PROBLEM DETAILS – The records below must be written out exactly, with every picture left behind.

Top of EXTRACTED MATERIAL

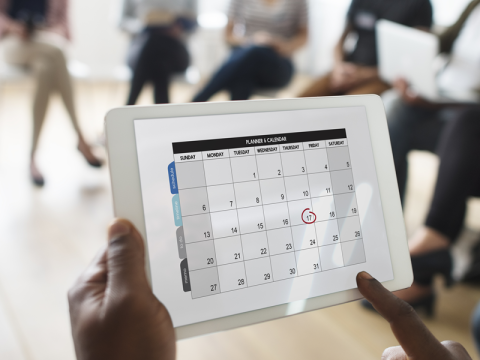 The Internal Comms Calendar Most Teams Get Wrong (Steal This Step-by-Step Template)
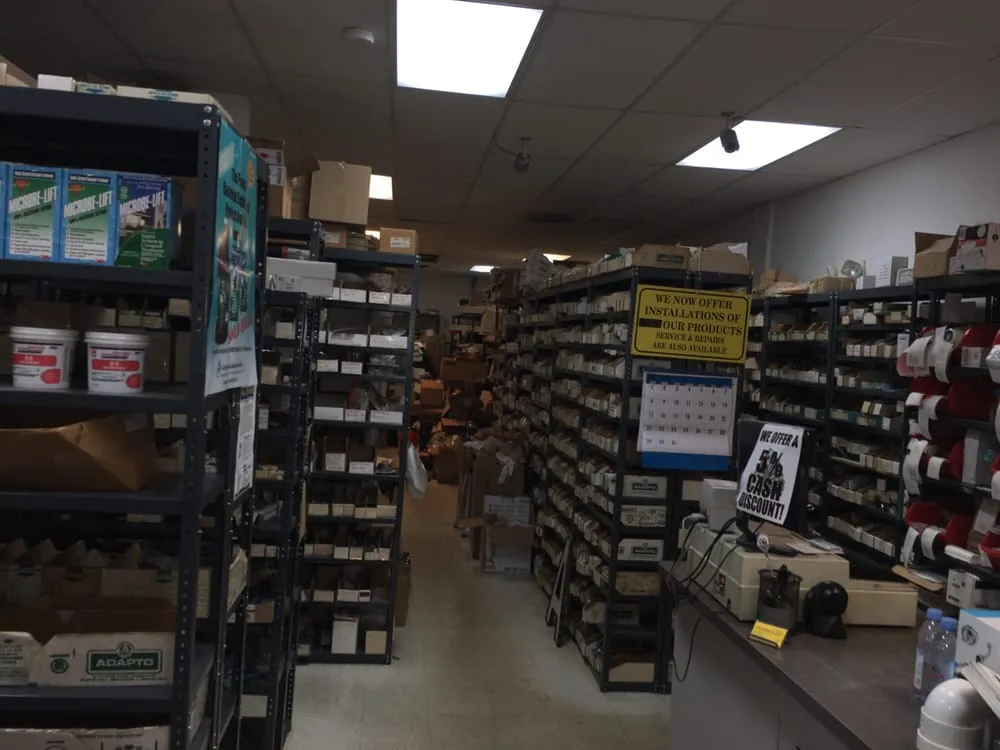 Slide of Davie Plumbing and Supply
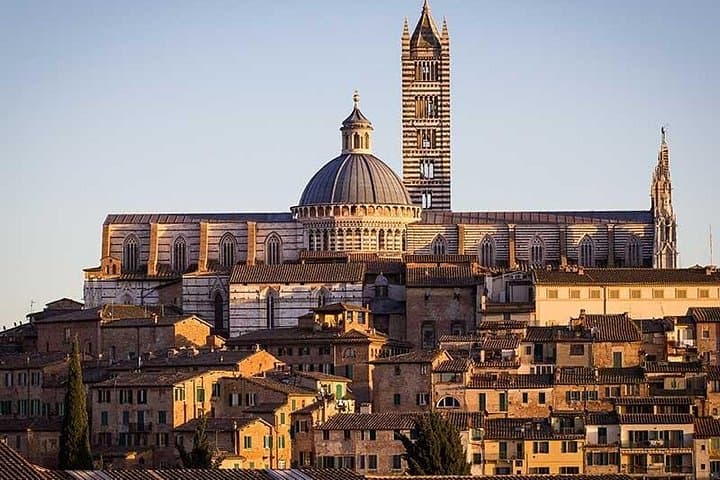 Private Day-Trip to Siena and San Gimignano — photo 1 of 6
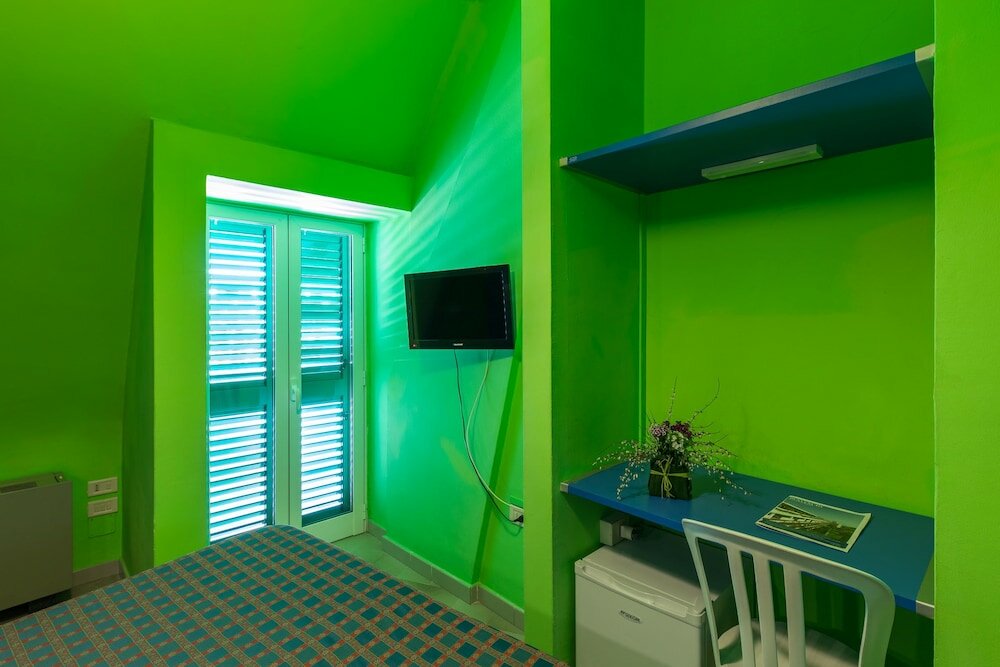 Фото Hotel Villaggio Cala Corvino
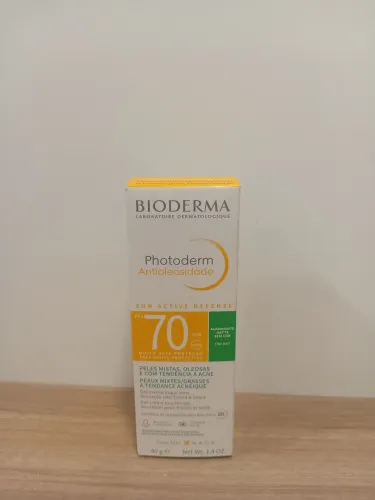 Protetor Solar Bioderma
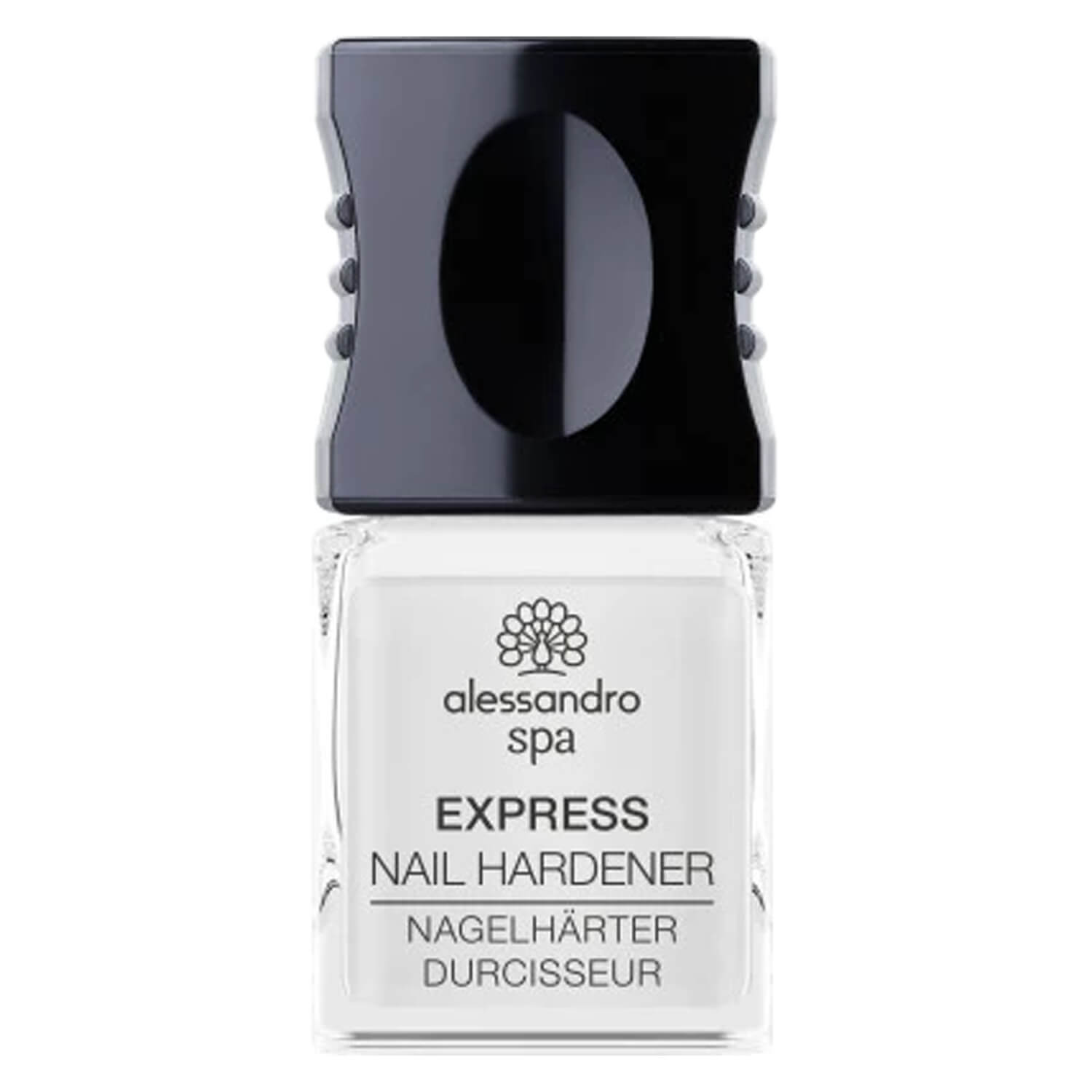 Alessandro Spa – Express Nail Hardener 10ml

Bottom of EXTRACTED MATERIAL

RESPONSE TO THE TASK –
 The Internal Comms Calendar Most Teams Get Wrong (Steal This Step-by-Step Template)
 Slide of Davie Plumbing and Supply
 Private Day-Trip to Siena and San Gimignano — photo 1 of 6
 Фото Hotel Villaggio Cala Corvino
 Protetor Solar Bioderma
 Alessandro Spa – Express Nail Hardener 10ml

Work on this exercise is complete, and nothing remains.